# [Recorded data]
☆ ☆ ☆ ☆ ☆
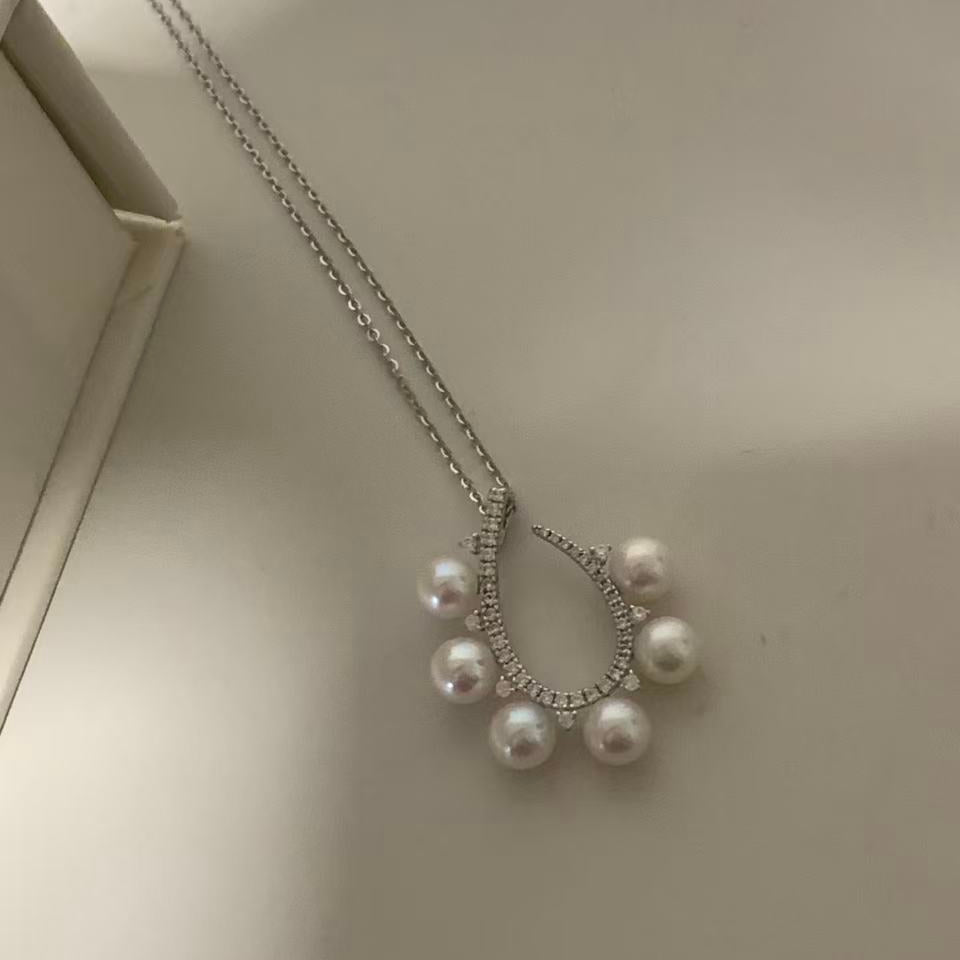 5.5-6mm Horseshoe Aurora Freshwater Pearl Necklace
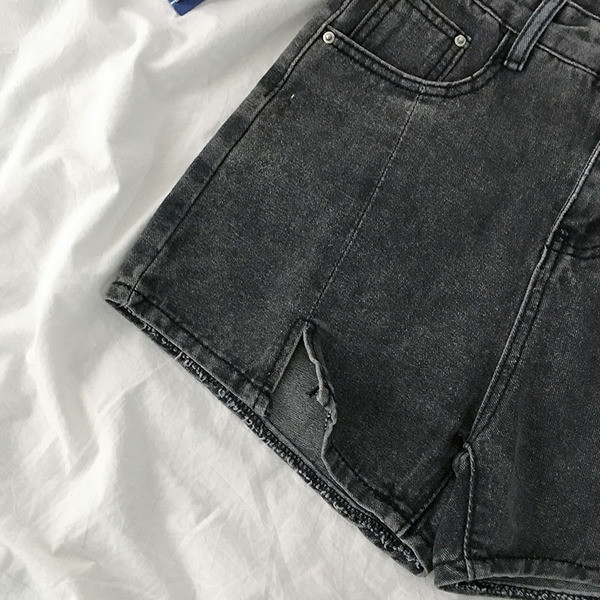 Jauns sieviešu īso džinsu modelis ar augstu vidukli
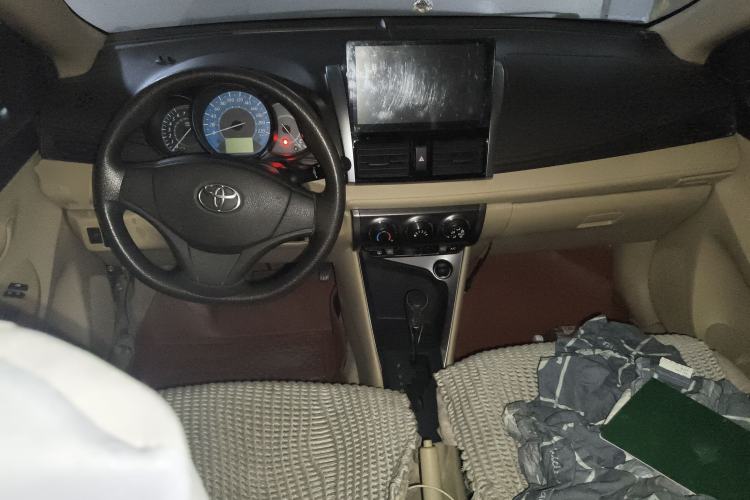 Used Toyota YARiS L Zhi Xuan 2014 1.3E Automatic Charm Edition Center Console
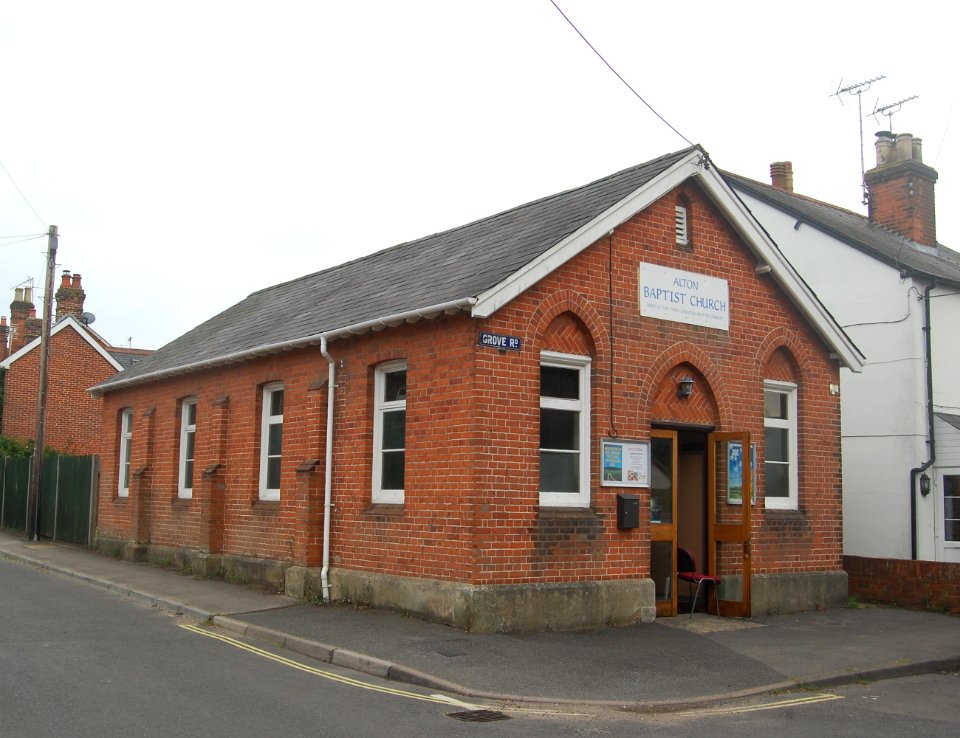 Alton Baptist Church, Mount Pleasant, Alton (July 2019) (4)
☆ ☆ ☆ ☆ ☆
Print out the complete listing above exactly, dropping each image.

 5.5-6mm Horseshoe Aurora Freshwater Pearl Necklace
 Jauns sieviešu īso džinsu modelis ar augstu vidukli
 Used Toyota YARiS L Zhi Xuan 2014 1.3E Automatic Charm Edition Center Console
 Alton Baptist Church, Mount Pleasant, Alton (July 2019) (4)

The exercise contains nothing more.